Many incomplete segments, what is it even returning? predicted_text referenced before assignment. #71

Closed SuppliedOrange closed 3 months ago

SuppliedOrange commented 4 months ago

Error:

  File "C:\Users\Dhruv\Desktop\py\AudioProcessorWhisper\whisper_mic_test.py", line 5, in <module>
    result = mic.listen()
  File "C:\Users\Dhruv\AppData\Local\Programs\Python\Python310\lib\site-packages\whisper_mic\whisper_mic.py", line 215, in listen
    self.__listen_handler(timeout, phrase_time_limit)
  File "C:\Users\Dhruv\AppData\Local\Programs\Python\Python310\lib\site-packages\whisper_mic\whisper_mic.py", line 132, in __listen_handler
    self.__transcribe(data=audio_data)
  File "C:\Users\Dhruv\AppData\Local\Programs\Python\Python310\lib\site-packages\whisper_mic\whisper_mic.py", line 184, in __transcribe
    if predicted_text not in self.banned_results:
UnboundLocalError: local variable 'predicted_text' referenced before assignment

Code:

from whisper_mic import WhisperMic

mic = WhisperMic( mic_index=2, save_file=True, english=True )

result = mic.listen()
print(result)

I solved it with this:

    def __transcribe(self,data=None, realtime: bool = False) -> None:
        if data is None:
            audio_data = self.__get_all_audio()
        else:
            audio_data = data
        audio_data,is_audio_loud_enough = self.__preprocess(audio_data)

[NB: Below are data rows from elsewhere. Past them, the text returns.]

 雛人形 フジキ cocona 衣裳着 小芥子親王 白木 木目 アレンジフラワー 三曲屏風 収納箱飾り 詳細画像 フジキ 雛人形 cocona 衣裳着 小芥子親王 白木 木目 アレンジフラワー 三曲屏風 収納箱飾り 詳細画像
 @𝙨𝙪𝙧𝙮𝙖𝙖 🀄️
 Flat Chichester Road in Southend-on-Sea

        if is_audio_loud_enough:
            # faster_whisper returns an iterable object rather than a string
            predicted_text = '' # I MOVED THIS HERE, ON TOP <-------

            if self.faster:
                segments, info = self.audio_model.transcribe(audio_data)
                for segment in segments:
                    predicted_text += segment.text
            else:
                if self.english:
                    result = self.audio_model.transcribe(audio_data,language='english',suppress_tokens="") # This is what i need but it doesnt return?
                else:
                    result = self.audio_model.transcribe(audio_data,suppress_tokens="")
                    predicted_text = result["text"]

            if not self.verbose:
                if predicted_text not in self.banned_results:
                    self.result_queue.put_nowait(predicted_text)
            else:
                if predicted_text not in self.banned_results:
                    self.result_queue.put_nowait(result)

            print('predicted_text ' + predicted_text)

            if self.save_file:
                # os.remove(audio_data)
                self.file.write(predicted_text)

I decided to modify the code to actually return something and put something in the predicted text.

mallorbc commented 4 months ago

The code is already like this though? https://github.com/mallorbc/whisper_mic/blob/d813c0f16b455b1495d22b83dc0787dae65d8c5d/whisper_mic/whisper_mic.py#L169-L193

Perhaps I neglected to push a new release with this? I will look into in when I get some time

mallorbc commented 4 months ago

With regards to how to get the text back, the result is being written to a queue. You get the result from pulling from the queue.

SuppliedOrange commented 4 months ago

I installed this from pip, so yeah probably. Sorry if my post came off as a little rude, I just re-read it. I hope it gets fixed!

mallorbc commented 4 months ago

I installed this from pip, so yeah probably. Sorry if my post came off as a little rude, I just re-read it. I hope it gets fixed!

I did not find it rude. Thanks for bringing it to my attention! People like you help make Open Source better!

mallorbc commented 3 months ago

This should be fixed. Please let me know if it is not